Model routing accuracy measures whether queries are landing in the right tier. Run a shadow evaluation: take a stratified sample of routed queries, run each one on the model it was routed to and on the next tier up, and check whether the cheaper model's answer was genuinely adequate. If the tier-match rate is falling — if you are seeing more cases where the budget-tier answer needed escalation — your classifier needs retraining or your thresholds need adjustment.
For the observability infrastructure to collect and alert on these metrics, see the agent observability guide, which covers OpenTelemetry instrumentation for LLM pipelines.
Common Pitfalls and How to Avoid Them
Each of the three levers has a characteristic failure mode, and all of them share one dangerous property: they fail quietly. The bill drops, the dashboard looks clean, and a few days later users start complaining about wrong answers or degraded quality. Understanding the failure modes in advance is the difference between a safe optimisation and a production incident.
Semantic cache serving stale answers. This is the most common failure and it happens when cached responses outlive the data that made them accurate. A user asks about a policy that changed last week; the cache returns the answer you stored three weeks ago because the query is semantically similar; the user acts on outdated information. The fix is cache invalidation by document hash: every cached entry must be associated with the hash or version identifier of the document(s) that informed it, and invalidation must be triggered atomically when those documents change. If you are building on a knowledge base with frequent updates and you cannot instrument document-level invalidation, either use a short TTL or do not use semantic caching for that knowledge base.

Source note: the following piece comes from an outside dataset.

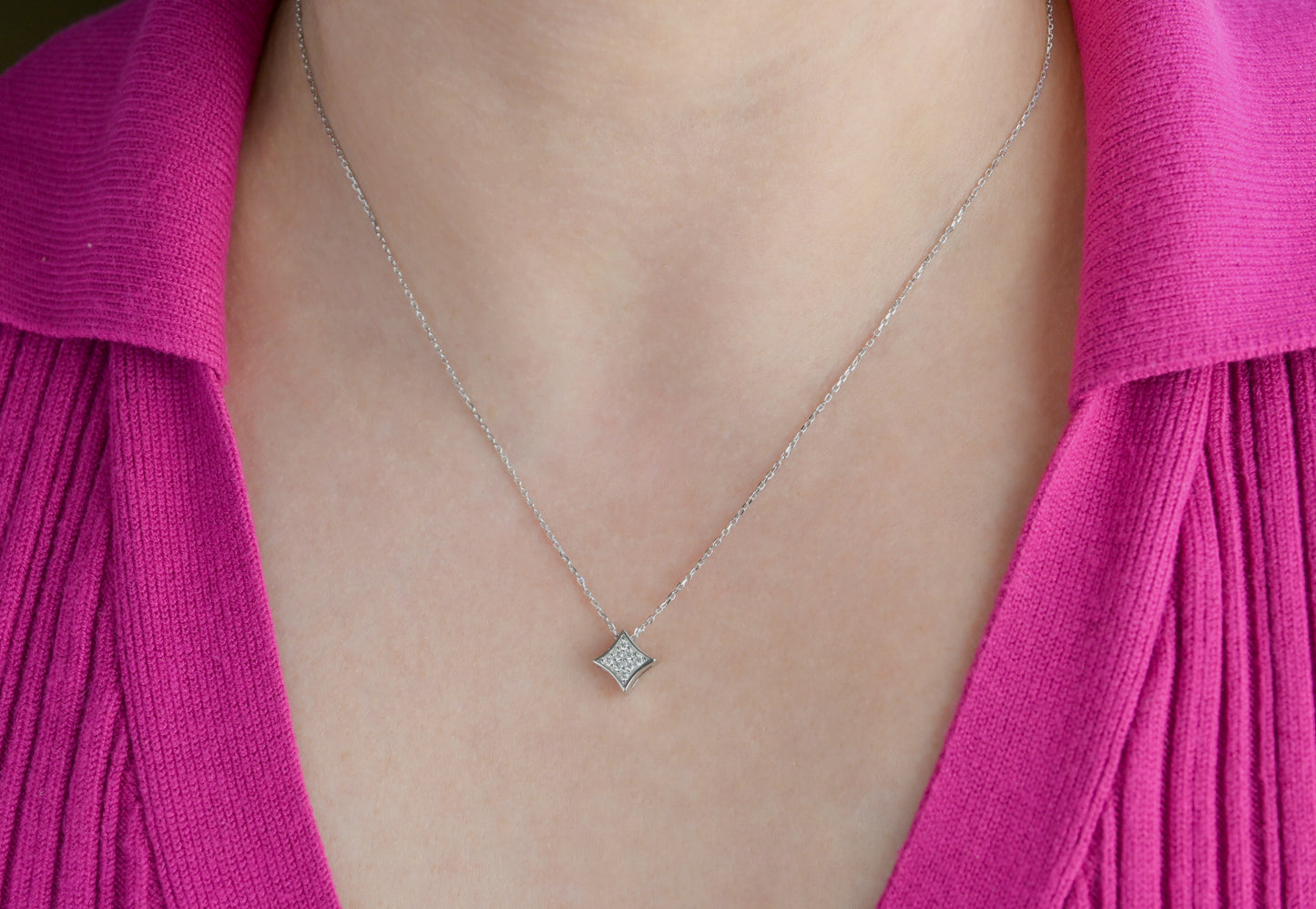 Rhombus Diamond Necklace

Distillation student memorising style instead of reasoning. A student model trained on bare final-answer completions from the teacher will learn to produce text that looks like the teacher's answers without learning how to arrive at them correctly. This produces a model that sounds confident and well-written but makes systematic errors on query types that require reasoning rather than pattern-matching. The fix is always to include explicit reasoning steps — chain-of-thought — in the teacher's training outputs for any task that involves logic, multi-step extraction, or structured decision-making. The additional training data cost is worth it.

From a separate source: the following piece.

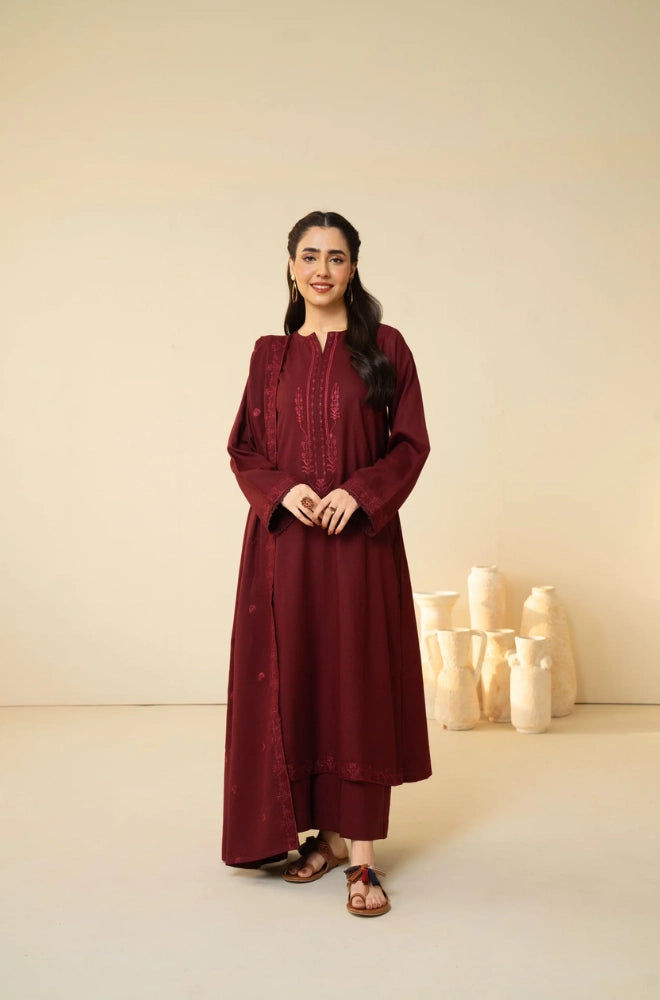 Tiraz - 3PC Dhanak Embroidered Shirt With Dhanak Embroidered Dupatta and Trouser - BFB01005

Over-routing to cheap models. Routing is seductive because the savings are immediate and large. The temptation, once the budget tier is handling 70% of traffic successfully, is to push it to 80% or 90% to squeeze more out of the bill. Past the quality threshold of the budget model, it starts returning plausible-sounding wrong answers — not errors that your monitoring detects, but incorrect answers that reach users. Guard against this by never widening the budget tier without running the quality gate first on a held-out set that represents the new traffic you are proposing to route there. An escalation path — where a low-confidence budget-tier answer is automatically retried on the next tier — adds safety at relatively low extra cost.

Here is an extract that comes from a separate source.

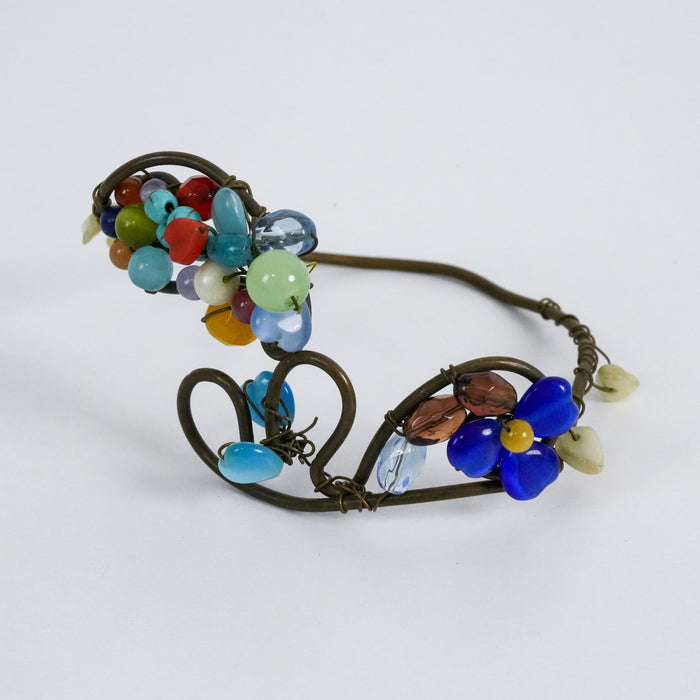 Vintage Handcrafted Beaded Wire Art Cuff Bracelet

Missing the GPU cost in the distillation ROI calculation. The API saving from distillation is large and visible in your billing dashboard. The infrastructure cost of running the student model is a separate line item — a persistent GPU instance — and it is fixed rather than variable. At low traffic volumes, the fixed GPU cost can exceed the variable API cost you are avoiding, making distillation a negative-ROI decision despite the per-request saving. Always model the full cost, including the fine-tuning run, the GPU instance cost, and the engineering overhead of re-distillation cycles, against the actual API cost you are replacing. The break-even point is typically around 100,000 requests per day for a well-optimised setup; below that, routing and semantic caching almost always have better ROI.